:: Task brief ::
Leaving the pictures aside, transcribe the data below exactly.

:: Information shown ::

# # # # #

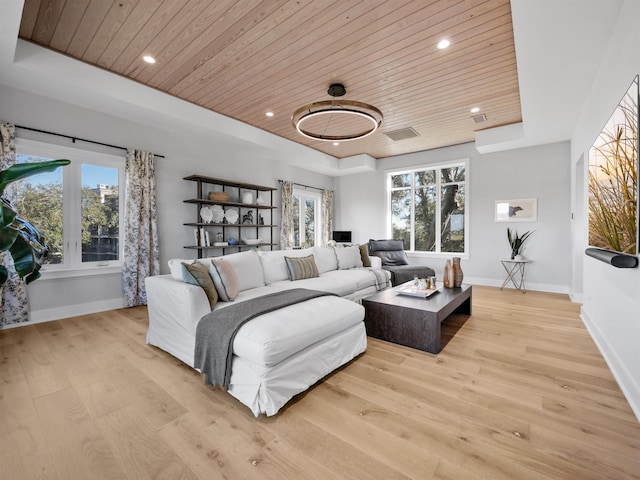 living room with light wood-type flooring, a raised ceiling, and wood ceiling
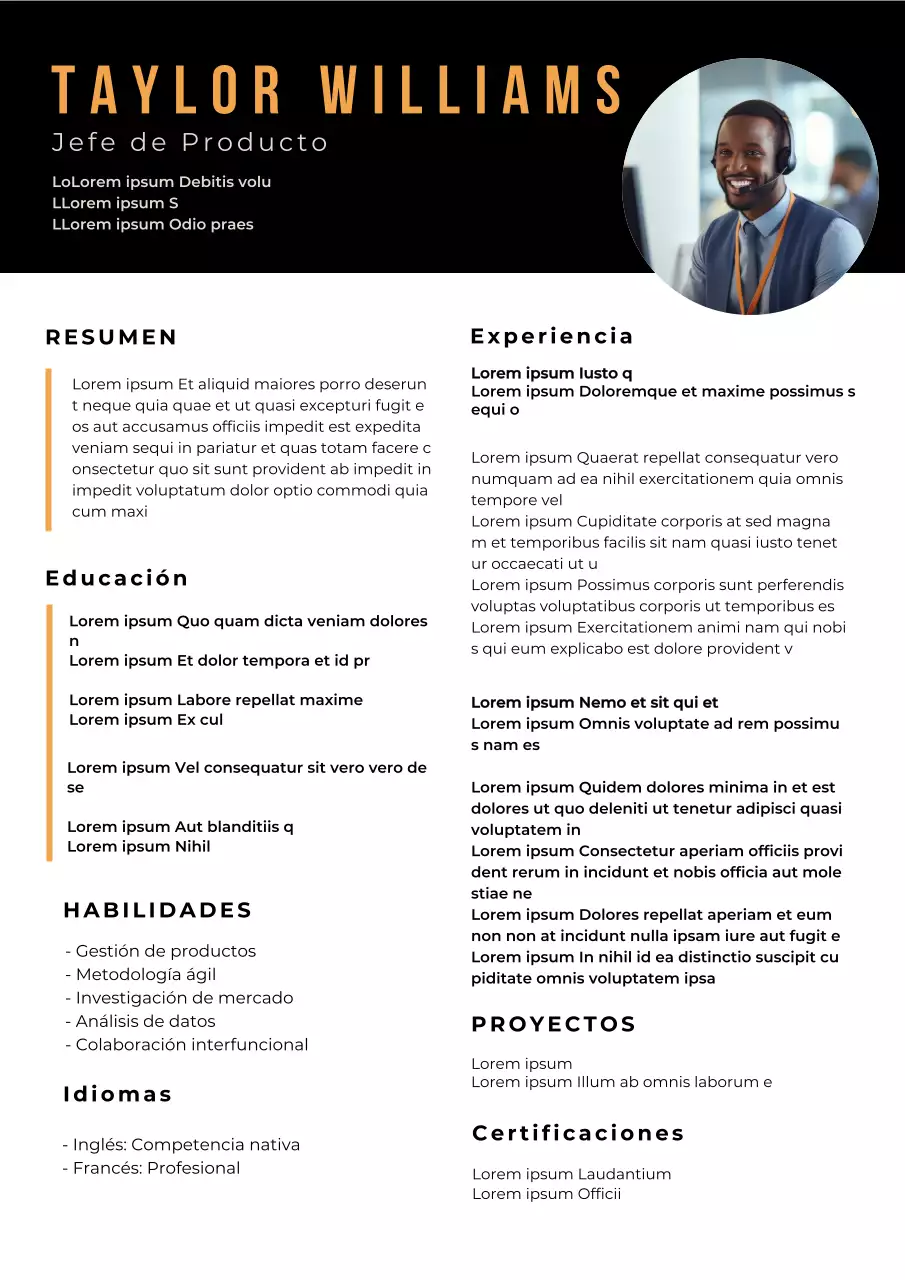 Currículum vitae de jefe de producto básico negro y naranja
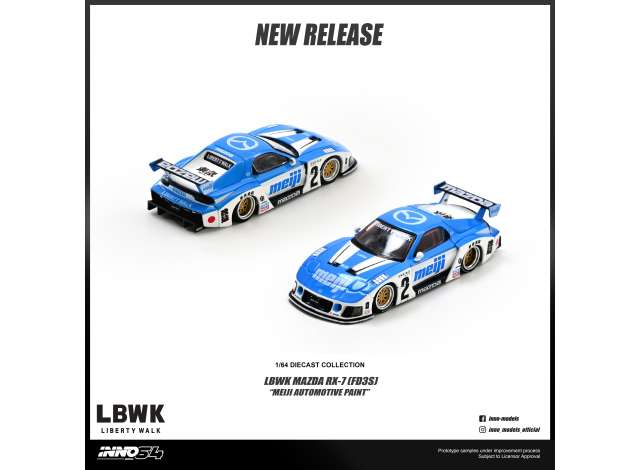 Inno64 Mazda RX7 (FD3S) LB-Super Silhouette *Meiji* Blue/White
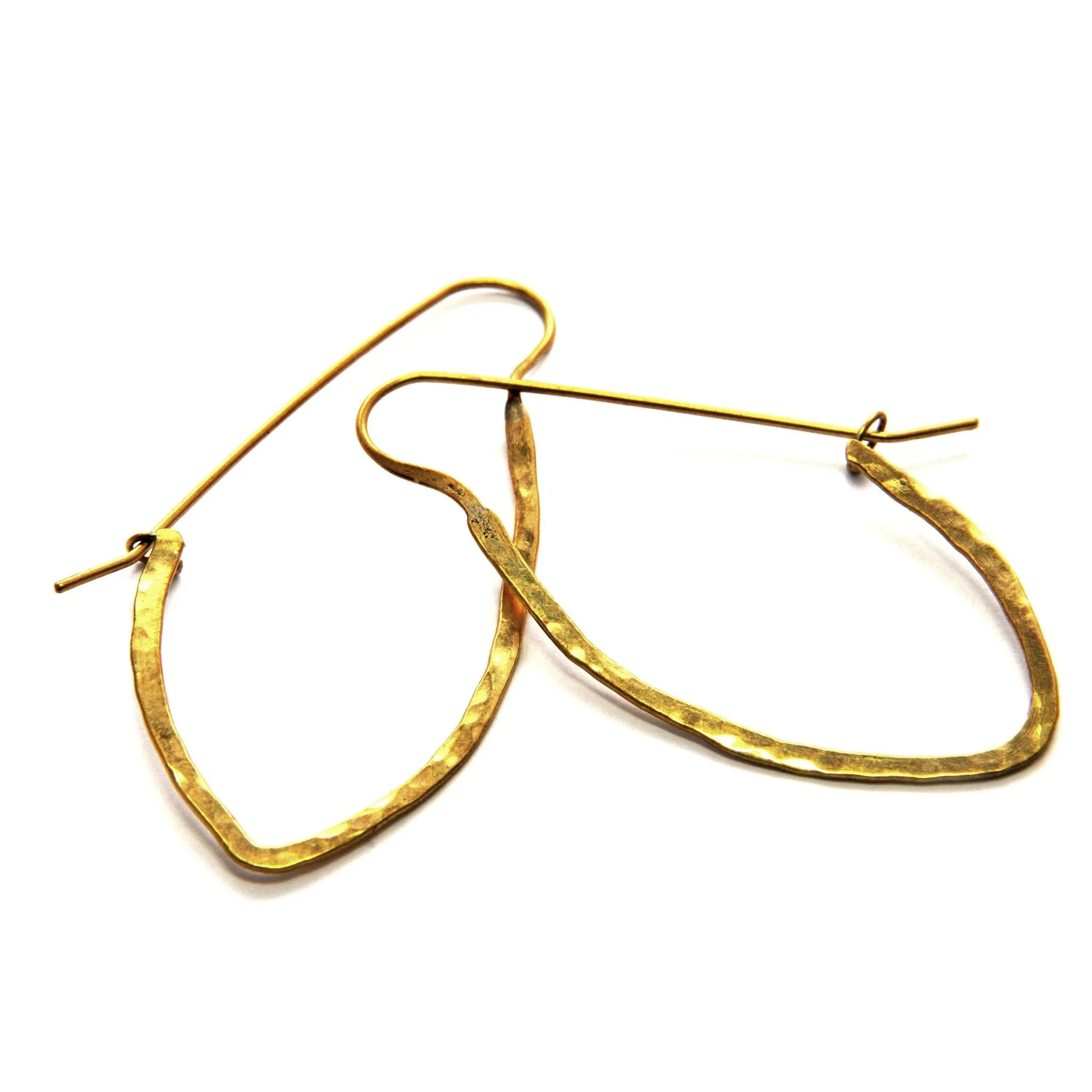 Large Arrow Hoop Brass Earrings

# # # # #

:: Solution to this task ::
 living room with light wood-type flooring, a raised ceiling, and wood ceiling
 Currículum vitae de jefe de producto básico negro y naranja
 Inno64 Mazda RX7 (FD3S) LB-Super Silhouette *Meiji* Blue/White
 Large Arrow Hoop Brass Earrings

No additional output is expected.